This article is about that hidden layer. It’s about how a coach’s beliefs influence their perception, decisions, and behavior, often without them realizing it.


The Hidden Engine Behind Coaching Decisions: Beliefs

When people describe a “strong coach,” they usually talk about knowledge, communication, leadership, or structure. Those things matter. But they’re built on top of something far more basic: the stories you tell yourself about how players learn and why teams succeed or fail.

A belief is simply a mental shortcut. It’s your brain’s way of saying, “This is how the world works.” And it shows up as simple, almost invisible rules you carry around.

Things like:

  • “If players care, they will focus and execute.”

  • “If something is not working, it is because we are not teaching it well enough.”

  • “Pressure reveals who is truly competitive.”

Most of the time, coaches are not consciously aware of these stories. They sit in the background, filtering every scrim, every mistake, every conversation, and guiding how they respond.

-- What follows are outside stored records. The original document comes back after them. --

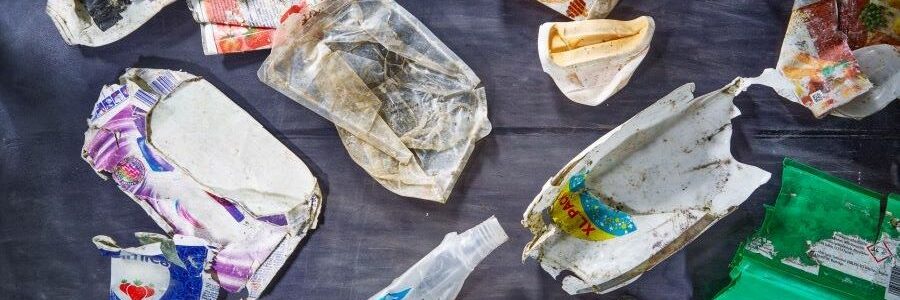 TOMRA lanza su innovadora solución de clasificación de plásticos aptos para uso alimentario basada en Deep Learning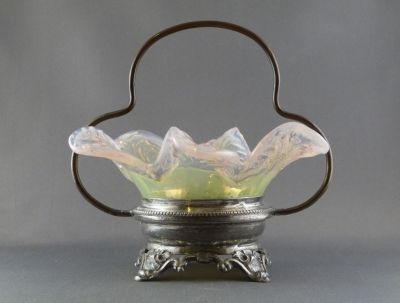 Kralik pink and uranium preserve dish in stand
EPNS stand. Czech
Keywords: blown;table;czech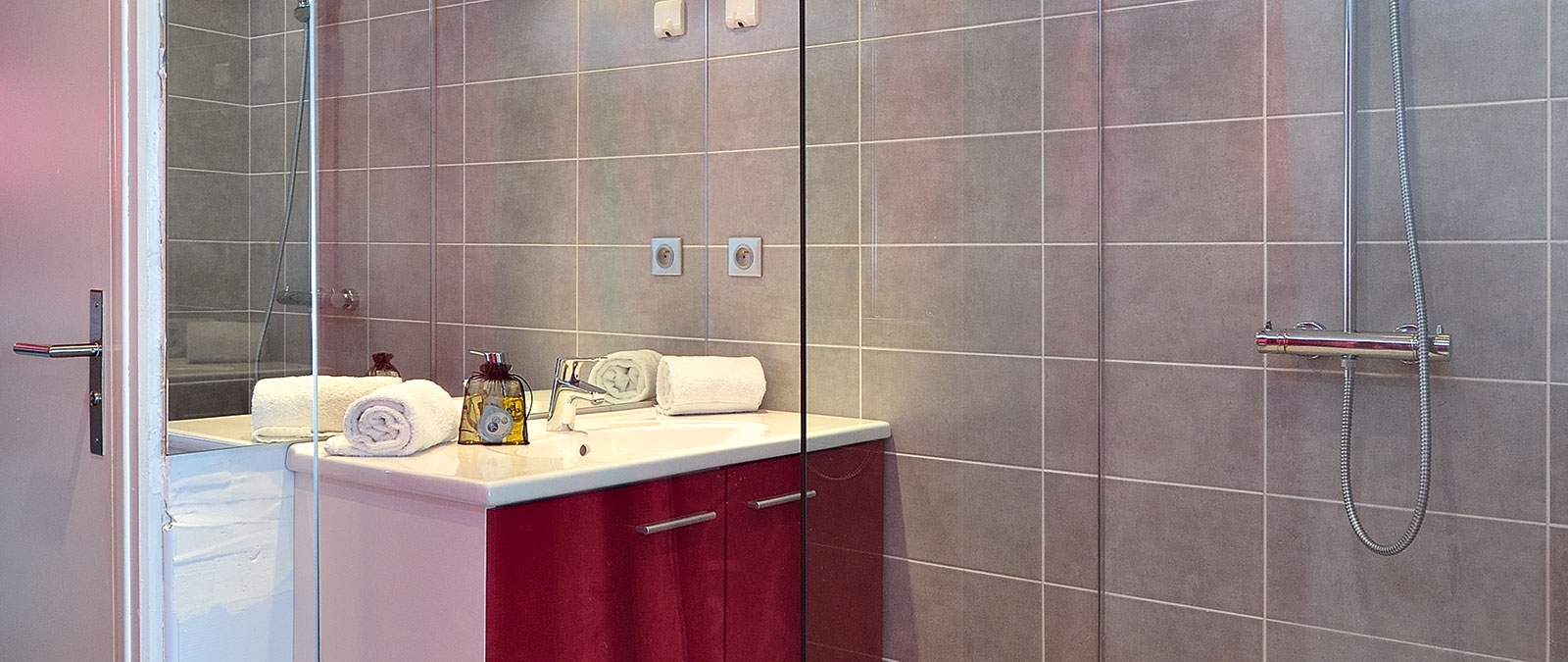 Bathroom with shower Grenadine naturist studio flat for rent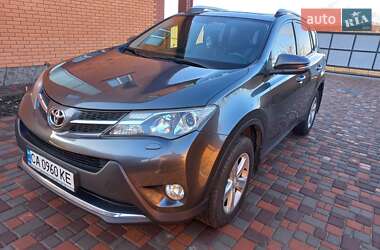 Внедорожник / Кроссовер Toyota RAV4 2013 в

Beliefs shape three important things:

  1. How you see reality.

    You never see a situation in a neutral way. Your belief system highlights some moments and dims others.

  2. Where you place your attention.

    Your mind naturally looks for things that confirm what you already think and ignore the ones that could challenge it.

  3. Which options you consider.

    Your belief narrows the list of solutions before you even notice them. It filters them automatically.

In the story, both Nick and Jhon watched the same games and the same mistakes. Yet for Nick, the loss confirmed a belief about effort and caring. For Jhon, the same loss confirmed a belief about learning systems and teaching quality.

Once that belief kicks in, everything that follows is different. How they talk to players. What they change in the next week of practice. What they demand and what they forgive.

The Belief-to-Action Chain

To understand how this works in practice, it helps to think of coaching behavior as a chain. When a situation hits you (good or bad) you go through a sequence without realizing:

  1. Beliefs → Shape what you think is possible and what you think explains results.

  2. Perception → Shapes what you notice and pay attention to.

  3. Knowledge → Shapes how you organize and explain what is happening.

  4. Skillset → Shapes what you feel capable of doing about it.

  5. Action → What you actually do in response.

Let’s revisit Nick and Jhon through this chain.

Step 1: Beliefs

After the loss, both coaches ask themselves, consciously or not, “Why did this happen?”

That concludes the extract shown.